Useful is forever: Bells and whistles wear off, but usefulness never does. We build useful software that does just what you need and nothing you don’t.

Clarity is king: Buzzwords, lingo, and sensationalized sales-and-marketing-speak have no place at 37signals. We communicate clearly and honestly.

Long-term contracts are obscene: No one likes being locked into something they don’t want anymore. Our customers can cancel at any time, no questions asked. No setup/termination fees either.

I work with a lot of organizations that espouse lofty values that they do not actually carry out. Fried and Hansson saw this same scenario played out across the marketplace and decided that they were going to do things differently. Rework is not about the values themselves, but about creating a leadership culture that upholds the values. Many principles shared in the book fly directly in the face of what is taught in MBA programs and management courses.

The book covers about 70 subjects including Progress, Productivity, Competitors, Hiring, Damage Control, and Culture. No more than three pages are dedicated to each subject, and the writing is pithy and humorous. The language is surely not redeemed, but their insight is. I found myself laughing and crying as they expose so many truths about the business management world that were contrary to what I had previously believed.


When reading the book you must intentionally suspend any preconceived notions you have based on what you have been taught or experienced in business. As I let this book inform what I learned in my MBA and leadership study, it felt like the ground under me was shaking. Fried and Hansson are quick to support their “heretical” leadership positions with research or real-life proof, but they can still be hard to accept. Upon contemplation and application, however, I began to feel liberated from much of the rigid, arbitrary principles that govern the organizations I have led.

Take, for instance, the standing meeting. Almost every company has one: the weekly staff meeting, the monthly management meeting, you name it. Fried and Hansson say that you should cancel every standing meeting on your calendar, and only schedule meetings to deal with a specific problem or need, and only invite the parties relevant to that need. I decided to take their advice and cancel our staff meetings, which had been a struggle for years: Someone always felt left out, bored or otherwise unproductive. I had never admitted to myself or others that the meetings were ineffective, but in my gut, I felt it.

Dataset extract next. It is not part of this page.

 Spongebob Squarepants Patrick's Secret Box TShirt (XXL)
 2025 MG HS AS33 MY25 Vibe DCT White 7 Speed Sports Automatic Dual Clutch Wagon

Life without the weekly staff meetings has been wonderful. We still have meetings, but they are on an ad hoc basis, and only the people who need to know are in attendance. Even when we just need to catch up, I will call everyone into the conference room for 15 minutes or so for some connection time. This method is so much more efficient and freeing, but is so contrary to current business practices.

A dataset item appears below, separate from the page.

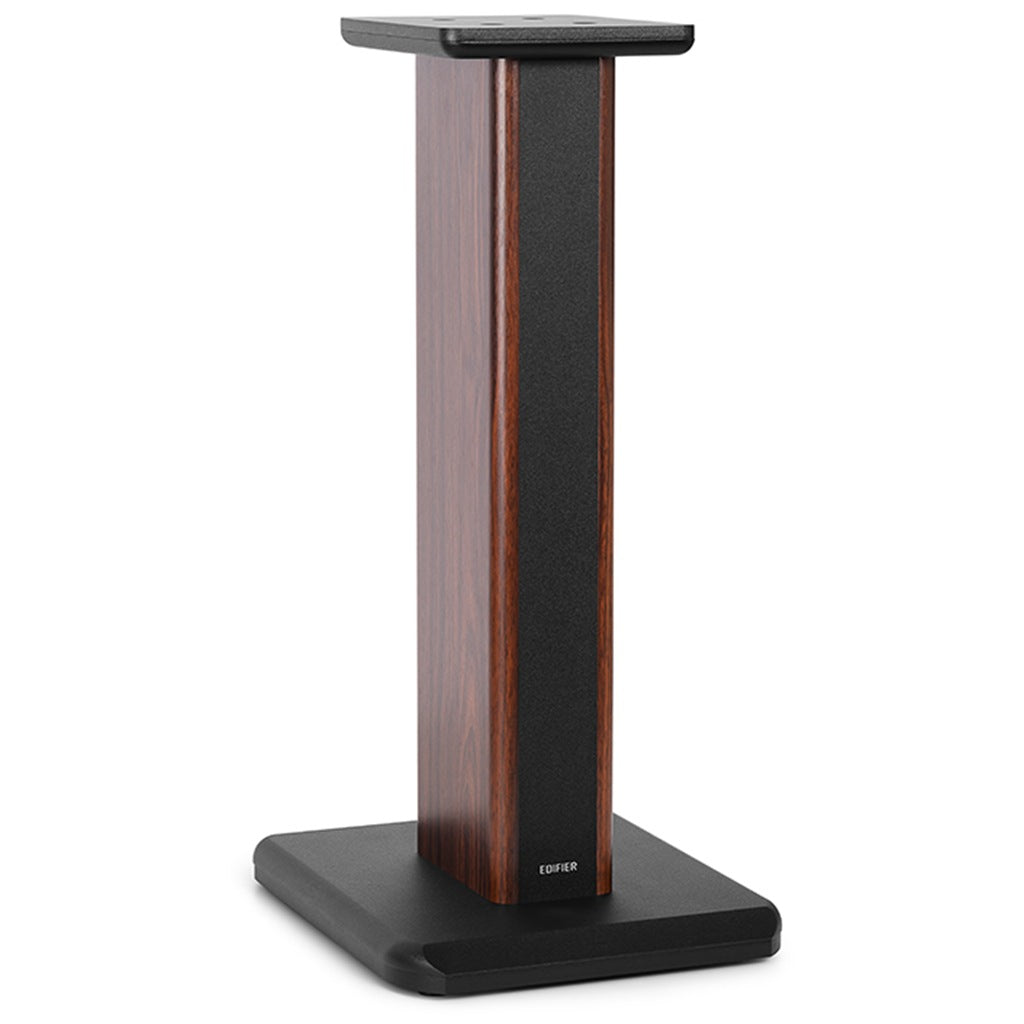 STAND PENTRU BOXE EDIFIER, dedicat pentru S3000PRO, design elegant, max. 15.5Kg, 300x660x365mm, brown&black, "SS03"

Here are some more of the principles outlined in Rework that challenge the status quo.

  • Failure doesn’t teach you how to succeed. It only teaches you how to fail. Success teaches you how to succeed.
  • Build what you need, not what you think others want.
  • If you want it bad enough, you will make time for it regardless of how busy you are.
  • Make everything as simple as you can. Don’t add too many details. Details can be added later if they are needed (and often they won’t be).
  • Shorter is better. (The 57,000-word Rework manuscript was reduced to 27,000 words!)
  • Interruption is the enemy of productivity. If you are staying late and working long hours, it isn’t because you have too much to do, it is because you are allowing interruptions to keep your productivity low.
  • Creativity is the first thing to go when you lose sleep.
  • Make small to-do lists, and keep them small.
  • It is much better for people to be happy using someone else’s services or product than being disgruntled using yours.
  • Be happy with obscurity, you can take risks without anyone noticing.
  • Don’t be afraid to show your flaws, no one likes plastic flowers.
  • Here are the questions that you should continue to ask yourself:
    • What are you doing?
    • What problem are you solving?
    • Is it useful?
    • Are you adding value?
    • Will this change behavior?
    • Is there an easier way?
    • What could you be doing instead?
    • Is it really worth it?


As you can see, these principles apply directly to any business, but most importantly, their leadership. If you lead a smaller organization, highlight the advantages of your size instead of trying to act like a big business. There are plenty of others out there who feel much more at home among a smaller setting instead of being just a face in the crowd.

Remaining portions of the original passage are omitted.